Responses API vs Agents API
Llama Stack provides two APIs for building AI applications with tool calling. The Responses API is the recommended path for new applications.
Use the Responses API
The Responses API is OpenAI-compatible and provides:
- Dynamic configuration - change model, tools, and vector stores on every call
- Conversation branching - fork from any previous response via
previous_response_id - Built-in tool orchestration - file_search, web_search, MCP, and custom functions
- Standard OpenAI SDK - works with any OpenAI client library
from openai import OpenAI
client = OpenAI(base_url="http://localhost:8321/v1", api_key="fake")
response = client.responses.create(
model="llama3.2:3b",
input="Search my docs for deployment instructions",
tools=[{
"type": "file_search",
"vector_store_ids": ["vs_abc123"],
}],
)
# Continue the conversation, switch model
response2 = client.responses.create(
model="openai/gpt-4o",
input="Now summarize what you found",
previous_response_id=response.id,
)
Legacy Agents API
The Agents API is an older, Llama Stack-specific API that uses sessions and turns.

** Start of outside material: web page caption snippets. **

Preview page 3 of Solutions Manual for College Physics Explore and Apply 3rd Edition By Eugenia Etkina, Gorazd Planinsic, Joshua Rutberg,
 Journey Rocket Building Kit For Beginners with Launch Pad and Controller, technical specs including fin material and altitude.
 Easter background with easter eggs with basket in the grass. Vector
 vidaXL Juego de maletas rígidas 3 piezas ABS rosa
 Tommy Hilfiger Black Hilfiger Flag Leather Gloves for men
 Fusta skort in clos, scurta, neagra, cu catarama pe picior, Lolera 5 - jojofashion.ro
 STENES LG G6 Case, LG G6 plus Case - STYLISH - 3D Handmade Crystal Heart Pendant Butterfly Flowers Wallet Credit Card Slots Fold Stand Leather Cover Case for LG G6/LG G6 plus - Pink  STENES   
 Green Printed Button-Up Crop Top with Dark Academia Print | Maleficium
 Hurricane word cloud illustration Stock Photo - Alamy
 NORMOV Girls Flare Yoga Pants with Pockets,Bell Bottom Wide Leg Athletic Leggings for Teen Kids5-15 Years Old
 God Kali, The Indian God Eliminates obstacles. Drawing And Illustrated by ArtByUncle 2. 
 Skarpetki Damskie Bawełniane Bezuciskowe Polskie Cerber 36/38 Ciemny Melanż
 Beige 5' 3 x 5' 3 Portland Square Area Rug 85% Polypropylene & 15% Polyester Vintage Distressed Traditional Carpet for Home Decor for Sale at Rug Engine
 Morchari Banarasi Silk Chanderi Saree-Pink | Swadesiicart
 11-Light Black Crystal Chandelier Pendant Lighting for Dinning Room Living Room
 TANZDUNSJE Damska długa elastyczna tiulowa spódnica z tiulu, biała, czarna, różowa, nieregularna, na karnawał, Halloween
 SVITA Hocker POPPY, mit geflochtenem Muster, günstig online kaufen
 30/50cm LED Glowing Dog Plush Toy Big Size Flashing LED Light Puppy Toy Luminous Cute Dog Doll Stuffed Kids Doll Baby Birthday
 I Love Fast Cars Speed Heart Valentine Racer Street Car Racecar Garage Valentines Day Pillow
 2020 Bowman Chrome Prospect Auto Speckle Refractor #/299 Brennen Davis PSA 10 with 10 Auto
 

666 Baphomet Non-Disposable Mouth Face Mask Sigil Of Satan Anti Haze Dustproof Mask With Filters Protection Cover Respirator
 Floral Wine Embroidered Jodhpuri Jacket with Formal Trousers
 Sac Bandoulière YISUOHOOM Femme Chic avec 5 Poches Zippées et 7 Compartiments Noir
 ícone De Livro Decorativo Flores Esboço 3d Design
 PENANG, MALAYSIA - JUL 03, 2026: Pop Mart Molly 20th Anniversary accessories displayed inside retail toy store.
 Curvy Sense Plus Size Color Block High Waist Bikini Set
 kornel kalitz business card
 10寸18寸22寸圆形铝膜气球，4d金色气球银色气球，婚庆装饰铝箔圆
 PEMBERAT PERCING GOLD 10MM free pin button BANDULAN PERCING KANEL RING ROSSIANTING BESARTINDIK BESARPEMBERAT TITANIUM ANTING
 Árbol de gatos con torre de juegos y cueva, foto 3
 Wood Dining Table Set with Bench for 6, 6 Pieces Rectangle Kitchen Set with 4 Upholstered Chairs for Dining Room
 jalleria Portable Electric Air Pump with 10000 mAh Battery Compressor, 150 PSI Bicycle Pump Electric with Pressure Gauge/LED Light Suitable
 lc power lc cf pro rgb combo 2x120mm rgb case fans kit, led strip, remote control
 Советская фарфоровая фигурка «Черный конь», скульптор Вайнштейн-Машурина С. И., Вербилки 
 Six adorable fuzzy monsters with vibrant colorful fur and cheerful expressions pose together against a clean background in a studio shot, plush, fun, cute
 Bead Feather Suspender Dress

It is still functional but is not recommended for new applications.
Key differences from Responses:
| Responses API | Agents API | |
|---|---|---|
| SDK | Standard OpenAI SDK | Llama Stack client only |
| Configuration | Dynamic per call | Static per session |
| Conversation model | Branching via response IDs | Linear sessions |
| Tools | file_search, web_search, MCP, functions | builtin::file_search, code_interpreter |
| Safety | Via /v1/moderations or guardrail params | Built-in input/output shields |
If you have existing code using the Agents API, it will continue to work. For new projects, use the Responses API.